Eight months of Life without a job

Tuesday, June 23, 2009
When i woke up every day. i use to think, why i left my job?, and every day i got new new reasons...its about eight months before, one early morning i decided to quit my job without discussing plus and minus ...i got some reasons to quit my job, but one very big reason i want to highlight here is ,the un confidence imposed on me!. again the" un confidence imposed or manipulated on me" it means even in bad circumstances also i never be a nihilist or pessimist but time and situation made me a pessimist.it took six hard months to get my confidence back! ..any way i don't want to talk much about that..if i do so, peoples will simply say i don't know business moralities and i am too young to speak about that! .i have to write a separate post for that, to clear the miss understandings... always i use to say "peoples leave leaders not the party"..(making silence myself).I was totally unaware about my position when i left my job. that makes me to be idle for a long time.also the global meltdown and subsequents in the markets extended my job hunting..."8 months" a big chunk of time,sending resumes and wondering why no one responds. in the first month itself i went nuts :(. then i decided, these times should be memorable with good stories and i acted so.

Many things encouraged me to think mature in this 8 month gap, especially education.Education is the key to think good,and work smart. The good thing is i attended two semesters and cleared in this gap..( since the gap i cleared all the papers? nah i am a born genius).coming to the point, the concern of this post is to simply share my eight months of life with unemployment..


Doing meaningful :I spend time creating projects for myself and executing on them.

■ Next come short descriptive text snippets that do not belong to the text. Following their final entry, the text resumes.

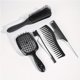 thumbnail image 1 of 5pcs Black Hairdressing Comb Set Hair Styling Comb Kit Heat Resistant Anti Static Hair Comb Set For All Hair Types, 1 of 4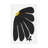 Bolog Amini54 Black Daisy Canvas Art-105651227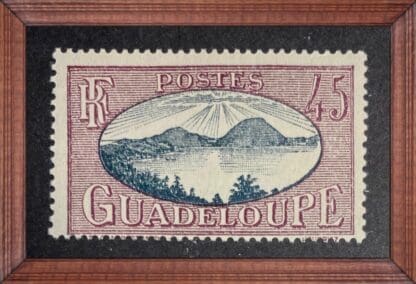 Guadalupe Scott # 108 Mint Hinged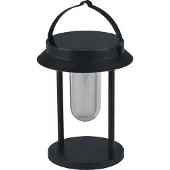 Ledvance LED Smart+ Akku Solar Tischleuchte Schwarz IP44 3W 350lm RGBW 3000K Dimmbar App Bluetooth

This very much worked mentally because when doing something meaningful with my time it keeps my spirits up.doing simple projects ,some freelancing ,even some job orders,volunteering at my friend’s company for a couple of hours a day,drafting civil drawings,its all ended up looking like a job on my resume .

Blogging: started a blog and blogging in it..u know? ,blogging is the best way to develop your language skills.talking is very easy but writing is totally opp .my father use to write daily happenings.i don't know whether it initiates the writing habit or not and of course the leverage fact is, i got more time that people don't have while in jobs.

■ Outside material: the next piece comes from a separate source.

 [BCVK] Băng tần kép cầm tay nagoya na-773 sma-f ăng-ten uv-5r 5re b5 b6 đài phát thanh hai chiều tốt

understanding politics:my room is filled with politicians, even two of them are from big parties.every night they will discuss state level issues.earlier i use to say politics is a shit, and i don't have anything with that.later i understand that life and politics cannot be separated.initially, talking the sensitive issues behind the politics makes me frustrated. after some level that eradicates my silly philosophies and guided me to take the right decisions.now the understandings extended up to atheism.this unemployed days really gave me break to think of myself in the society and to take actions.

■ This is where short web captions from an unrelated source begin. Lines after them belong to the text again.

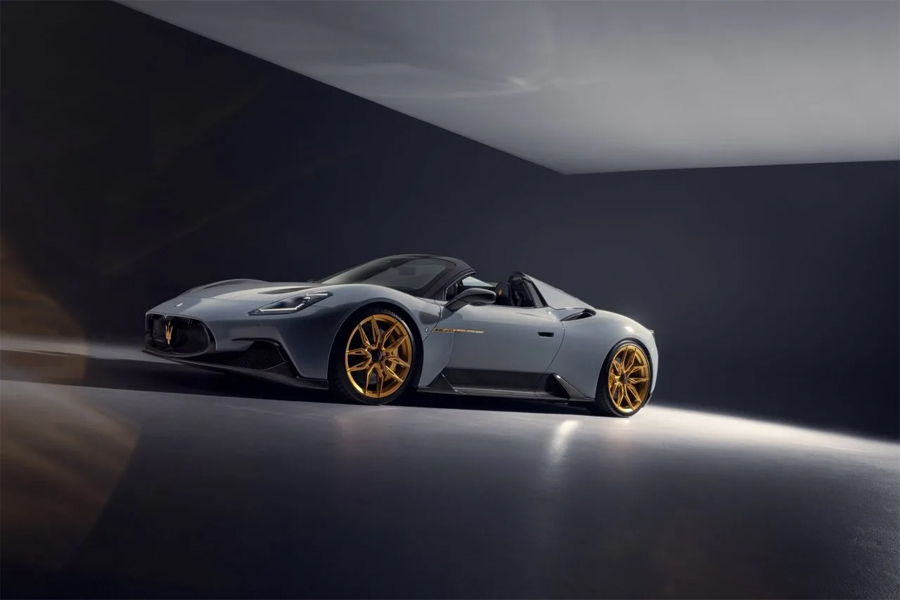 Novitec Transforms the Maserati MC20 Cielo with Stunning Upgrades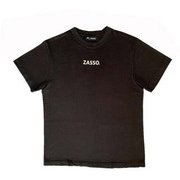 Tシャツ ZASSO TEE BLACK Sサイズ [スキー Tシャツ メンズ]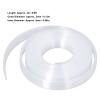 NDNCZDHC UV Printer Ink Tube, 9.8 ft, 6-Line HTPE Resin, Flexible Anti-Aging Replacement, Transparent view 2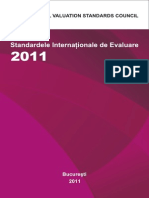 Standardele Internaţionale de Evaluare 2011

Upgrading myself :what is up gradation? ,when i joined my engineering i thought its an up gradation.no its not like that , it really means that its a process of applying the effectiveness to get the efficiency in the present situation .the beauty here is, i haven't think these things when i was in job. but these times clearly preached me and also it dosent means that my previous job did nothing.

money value:i was a spendthrift now i am fortune finder..as like everything the poverty in the tough times changed me.


Dieting : Believe me a healthy diet will keep your tension and anxiety less..i feel the difference..there are much to say ...but i am not such a good writer.

finally
i am ending, with this saying “If you live with a problem long enough, it could eventually become a blessing.”yes , if i have a another set back also, these experiences would lift me again..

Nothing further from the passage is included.